Transcribe the listing exactly, leaving out every picture.

| Stored data |
╭──

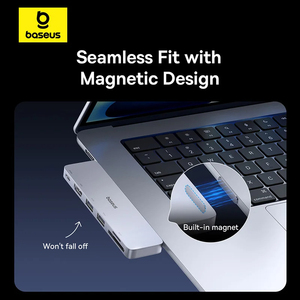 <span class=keywords><strong>Baseus</strong></span> <span class=keywords><strong>Hub</strong></span> <span class=keywords><strong>USB</strong></span>-<span class=keywords><strong>C</strong></span> Dual a HDMI Compatible con 4K 30Hz para Thunderbolt 3/4, <span class=keywords><strong>Hub</strong></span> <span class=keywords><strong>USB</strong></span> 3.0 Tipo <span class=keywords><strong>C</strong></span> de 40 Gbps con SD y TF para MacBook Pro Air - Product Image 4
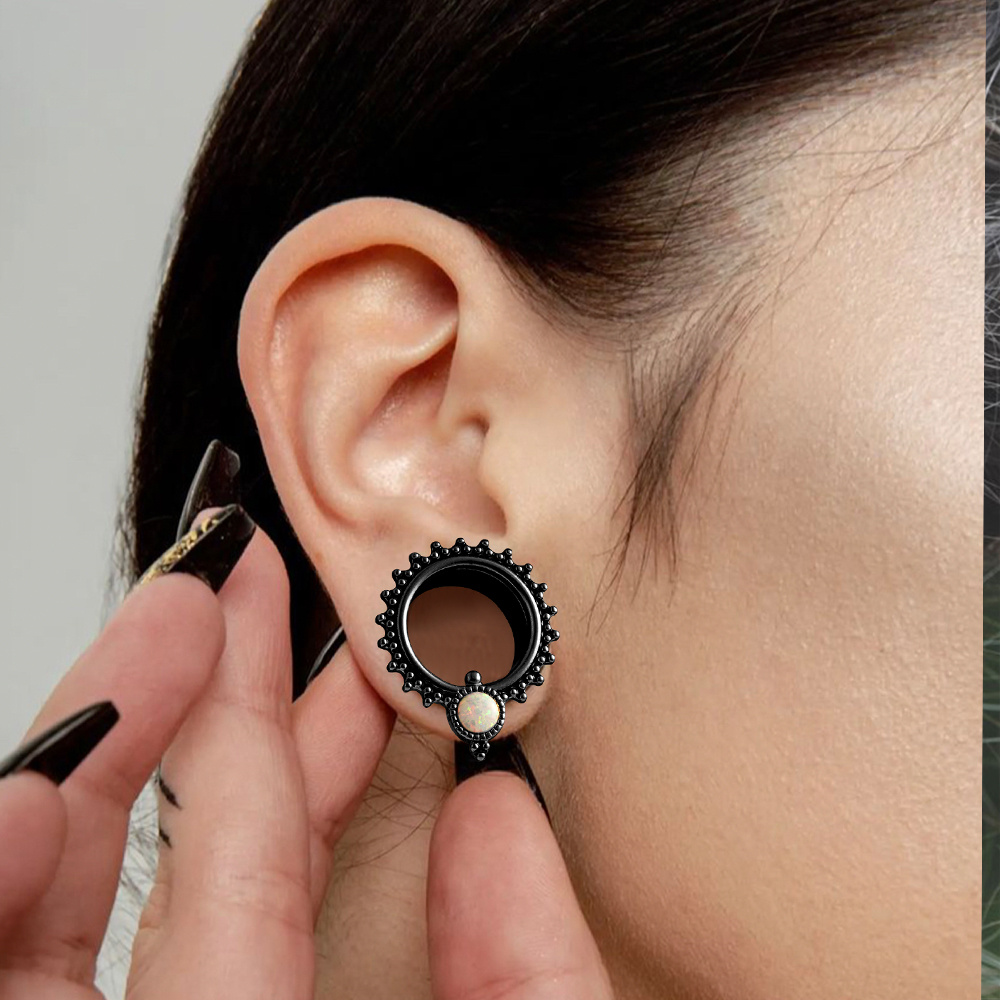 Doearko 2PCS New Arrival opal  – Body Jewelry Gauges Bewertung und Preis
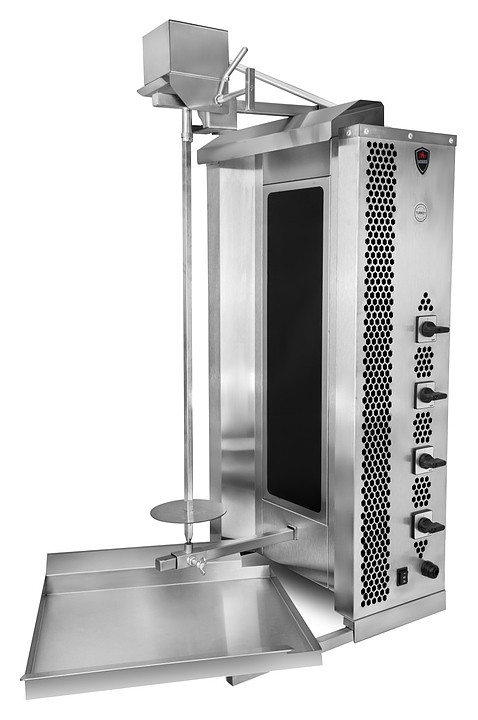 Гриль шаурма T-LUX SMU-4 (545х660х1065мм, 5.6кВт, 220/380В, 4 зоны нагрева, верхний привод)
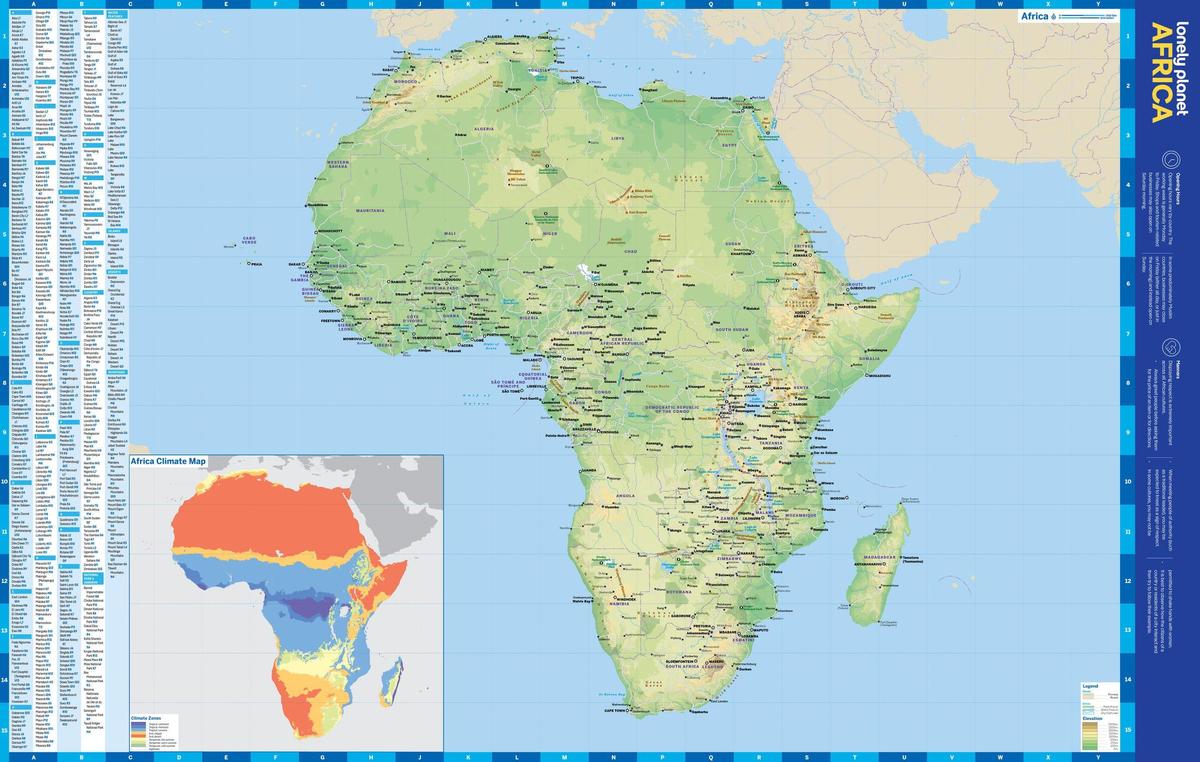 Weitere Ansicht: Africa Planning Map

╰──

| Solution below |
 <span class=keywords><strong>Baseus</strong></span> <span class=keywords><strong>Hub</strong></span> <span class=keywords><strong>USB</strong></span>-<span class=keywords><strong>C</strong></span> Dual a HDMI Compatible con 4K 30Hz para Thunderbolt 3/4, <span class=keywords><strong>Hub</strong></span> <span class=keywords><strong>USB</strong></span> 3.0 Tipo <span class=keywords><strong>C</strong></span> de 40 Gbps con SD y TF para MacBook Pro Air - Product Image 4
 Doearko 2PCS New Arrival opal  – Body Jewelry Gauges Bewertung und Preis
 Гриль шаурма T-LUX SMU-4 (545х660х1065мм, 5.6кВт, 220/380В, 4 зоны нагрева, верхний привод)
 Weitere Ansicht: Africa Planning Map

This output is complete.